This is a known issue due to the “IF” layer used in the model.
You can find some details below:
To solve this, we provide an example to convert the EfficientDet with a customized parser.
It is one of the TensorFlow object detection models, and also gets stuck in the “IF” operation.
In the example you mentioned, on using the --legacy_plugins flag, I get: Warning: Unsupported operator ResizeNearest_TRT. No schema registered for this operator.
TensorRt version: 7.2.1
Tensorflow v: 2.5
Thanks, that is really helpful. If I understand it correctly the problematic part is in the very start of the network and so you try to replace the whole block before the first convolution. I tried adapting the effdet sample code to the Centernet model I’m trying to use and conversion worked (and looks ok if I check it visually), but trtexec fails with:
...
[07/20/2021-00:21:25] [V] [TRT] ModelImporter.cpp:119: Searching for input: map/while/unstack__69:0
ERROR: ModelImporter.cpp:120 In function parseGraph:
[5] Assertion failed: ctx->tensors().count(inputName)

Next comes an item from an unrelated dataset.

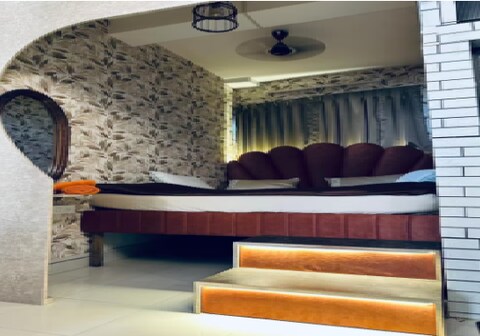 House of Bombay Cinnamon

Any idea what is going on? trtexec and the model I’m feeding it are attached:
I tried recursing into that subgraph and clearing the input, but that failed with
[ONNXRuntimeError] : 10 : INVALID_GRAPH : This is an invalid model. Error in Node:StatefulPartitionedCall/map/while_loop : Node (map/while/TensorArrayV2Read/TensorListGetItem) has input size 0 not in range [min=2, max=2].
Any help is appreciated, I’m not familiar with ONNX format at all.
Having removed the IF node, I’m running into the following 2 issues:
Resize op only supports "floor"nearest mode
ERROR: builtin_op_importers.cpp:2523 In function importResize:
[8] Assertion failed: (mode != "nearest" || nearest_mode == "floor") && "This version of TensorRT only supports floor nearest_mode!"
GatherND is not implemented in TRT
INVALID_ARGUMENT: getPluginCreator could not find plugin GatherND version 1
After adjusting the model architecture to remove some GatherNDs (from the multiclass score output branch) and replacing the remaining ones with Gather and hardcoding batch size of 1, I was able to create an ONNX model that trtexec could convert to an engine.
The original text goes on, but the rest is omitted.